_How to complete this task_
Repeat the whole listing. Keep it exact.

[[ The data, beginning ]]

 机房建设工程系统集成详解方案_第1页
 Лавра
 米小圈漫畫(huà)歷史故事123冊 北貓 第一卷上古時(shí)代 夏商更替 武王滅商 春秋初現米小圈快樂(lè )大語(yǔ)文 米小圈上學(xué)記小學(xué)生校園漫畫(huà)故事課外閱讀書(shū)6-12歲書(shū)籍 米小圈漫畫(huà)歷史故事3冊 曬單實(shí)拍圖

[[ The data, end ]]

_Result of the task_
 机房建设工程系统集成详解方案_第1页
 Лавра
 米小圈漫畫(huà)歷史故事123冊 北貓 第一卷上古時(shí)代 夏商更替 武王滅商 春秋初現米小圈快樂(lè )大語(yǔ)文 米小圈上學(xué)記小學(xué)生校園漫畫(huà)故事課外閱讀書(shū)6-12歲書(shū)籍 米小圈漫畫(huà)歷史故事3冊 曬單實(shí)拍圖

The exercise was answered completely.